* WHAT YOU SHOULD DO:
Please print exactly the line containing "Periodic table of elements" and every line after it to the end of the records below, and nothing more.

[Web page caption snippets]
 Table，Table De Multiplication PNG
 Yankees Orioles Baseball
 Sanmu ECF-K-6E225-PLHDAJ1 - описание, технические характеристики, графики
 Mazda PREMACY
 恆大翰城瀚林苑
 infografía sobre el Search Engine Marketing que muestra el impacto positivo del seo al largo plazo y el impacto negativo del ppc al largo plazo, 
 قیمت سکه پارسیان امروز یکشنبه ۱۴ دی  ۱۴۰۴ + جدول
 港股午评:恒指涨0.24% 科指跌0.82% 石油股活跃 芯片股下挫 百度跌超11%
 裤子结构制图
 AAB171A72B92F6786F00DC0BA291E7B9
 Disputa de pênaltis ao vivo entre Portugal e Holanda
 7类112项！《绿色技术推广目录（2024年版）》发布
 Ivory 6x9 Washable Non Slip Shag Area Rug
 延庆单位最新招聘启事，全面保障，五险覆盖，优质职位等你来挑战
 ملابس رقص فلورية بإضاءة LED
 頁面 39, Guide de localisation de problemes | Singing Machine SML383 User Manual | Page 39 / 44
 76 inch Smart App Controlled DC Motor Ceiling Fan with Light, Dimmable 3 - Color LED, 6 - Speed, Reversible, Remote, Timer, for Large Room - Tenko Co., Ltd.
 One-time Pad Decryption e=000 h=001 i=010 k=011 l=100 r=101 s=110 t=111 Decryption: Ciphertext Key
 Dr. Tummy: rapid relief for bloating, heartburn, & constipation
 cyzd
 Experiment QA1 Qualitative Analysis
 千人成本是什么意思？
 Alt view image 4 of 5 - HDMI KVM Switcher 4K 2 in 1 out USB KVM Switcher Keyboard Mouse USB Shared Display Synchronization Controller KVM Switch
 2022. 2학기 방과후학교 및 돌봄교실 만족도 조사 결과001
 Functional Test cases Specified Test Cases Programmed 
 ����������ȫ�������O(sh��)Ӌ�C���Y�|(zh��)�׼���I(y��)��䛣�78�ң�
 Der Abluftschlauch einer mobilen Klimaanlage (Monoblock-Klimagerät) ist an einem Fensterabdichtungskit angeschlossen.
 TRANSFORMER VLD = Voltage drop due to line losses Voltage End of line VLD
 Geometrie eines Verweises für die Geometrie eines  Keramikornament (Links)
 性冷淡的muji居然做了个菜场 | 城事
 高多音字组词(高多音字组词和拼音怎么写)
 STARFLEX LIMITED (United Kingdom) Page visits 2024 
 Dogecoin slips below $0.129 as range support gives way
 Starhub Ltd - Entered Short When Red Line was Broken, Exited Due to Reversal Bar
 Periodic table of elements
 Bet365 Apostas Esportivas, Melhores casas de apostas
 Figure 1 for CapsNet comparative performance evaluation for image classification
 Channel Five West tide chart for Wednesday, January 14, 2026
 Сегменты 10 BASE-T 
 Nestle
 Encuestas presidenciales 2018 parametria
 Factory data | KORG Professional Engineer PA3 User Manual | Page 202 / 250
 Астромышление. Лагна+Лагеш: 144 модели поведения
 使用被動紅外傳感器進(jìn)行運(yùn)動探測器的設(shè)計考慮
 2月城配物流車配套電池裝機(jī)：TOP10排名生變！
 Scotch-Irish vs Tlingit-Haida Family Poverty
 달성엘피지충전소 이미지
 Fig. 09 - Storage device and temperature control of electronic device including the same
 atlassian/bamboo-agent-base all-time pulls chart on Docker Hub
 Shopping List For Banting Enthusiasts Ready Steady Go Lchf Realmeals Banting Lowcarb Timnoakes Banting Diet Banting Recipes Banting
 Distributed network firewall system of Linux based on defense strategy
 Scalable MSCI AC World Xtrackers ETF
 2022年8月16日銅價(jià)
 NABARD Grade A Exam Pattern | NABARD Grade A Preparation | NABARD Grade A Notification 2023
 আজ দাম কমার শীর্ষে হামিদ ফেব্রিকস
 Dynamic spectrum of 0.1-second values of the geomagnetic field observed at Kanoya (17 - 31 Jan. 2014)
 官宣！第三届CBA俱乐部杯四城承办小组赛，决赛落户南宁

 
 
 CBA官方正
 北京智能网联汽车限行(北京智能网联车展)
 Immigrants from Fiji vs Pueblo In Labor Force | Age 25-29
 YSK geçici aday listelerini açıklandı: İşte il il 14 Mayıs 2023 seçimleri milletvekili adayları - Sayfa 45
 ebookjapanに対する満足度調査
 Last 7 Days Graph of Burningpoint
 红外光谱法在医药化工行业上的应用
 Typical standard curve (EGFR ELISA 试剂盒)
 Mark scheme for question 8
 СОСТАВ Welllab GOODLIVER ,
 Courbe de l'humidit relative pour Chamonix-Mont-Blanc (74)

* RESPONSE TO THIS EXERCISE:
 Periodic table of elements
 Bet365 Apostas Esportivas, Melhores casas de apostas
 Figure 1 for CapsNet comparative performance evaluation for image classification
 Channel Five West tide chart for Wednesday, January 14, 2026
 Сегменты 10 BASE-T 
 Nestle
 Encuestas presidenciales 2018 parametria
 Factory data | KORG Professional Engineer PA3 User Manual | Page 202 / 250
 Астромышление. Лагна+Лагеш: 144 модели поведения
 使用被動紅外傳感器進(jìn)行運(yùn)動探測器的設(shè)計考慮
 2月城配物流車配套電池裝機(jī)：TOP10排名生變！
 Scotch-Irish vs Tlingit-Haida Family Poverty
 달성엘피지충전소 이미지
 Fig. 09 - Storage device and temperature control of electronic device including the same
 atlassian/bamboo-agent-base all-time pulls chart on Docker Hub
 Shopping List For Banting Enthusiasts Ready Steady Go Lchf Realmeals Banting Lowcarb Timnoakes Banting Diet Banting Recipes Banting
 Distributed network firewall system of Linux based on defense strategy
 Scalable MSCI AC World Xtrackers ETF
 2022年8月16日銅價(jià)
 NABARD Grade A Exam Pattern | NABARD Grade A Preparation | NABARD Grade A Notification 2023
 আজ দাম কমার শীর্ষে হামিদ ফেব্রিকস
 Dynamic spectrum of 0.1-second values of the geomagnetic field observed at Kanoya (17 - 31 Jan. 2014)
 官宣！第三届CBA俱乐部杯四城承办小组赛，决赛落户南宁

 
 
 CBA官方正
 北京智能网联汽车限行(北京智能网联车展)
 Immigrants from Fiji vs Pueblo In Labor Force | Age 25-29
 YSK geçici aday listelerini açıklandı: İşte il il 14 Mayıs 2023 seçimleri milletvekili adayları - Sayfa 45
 ebookjapanに対する満足度調査
 Last 7 Days Graph of Burningpoint
 红外光谱法在医药化工行业上的应用
 Typical standard curve (EGFR ELISA 试剂盒)
 Mark scheme for question 8
 СОСТАВ Welllab GOODLIVER ,
 Courbe de l'humidit relative pour Chamonix-Mont-Blanc (74)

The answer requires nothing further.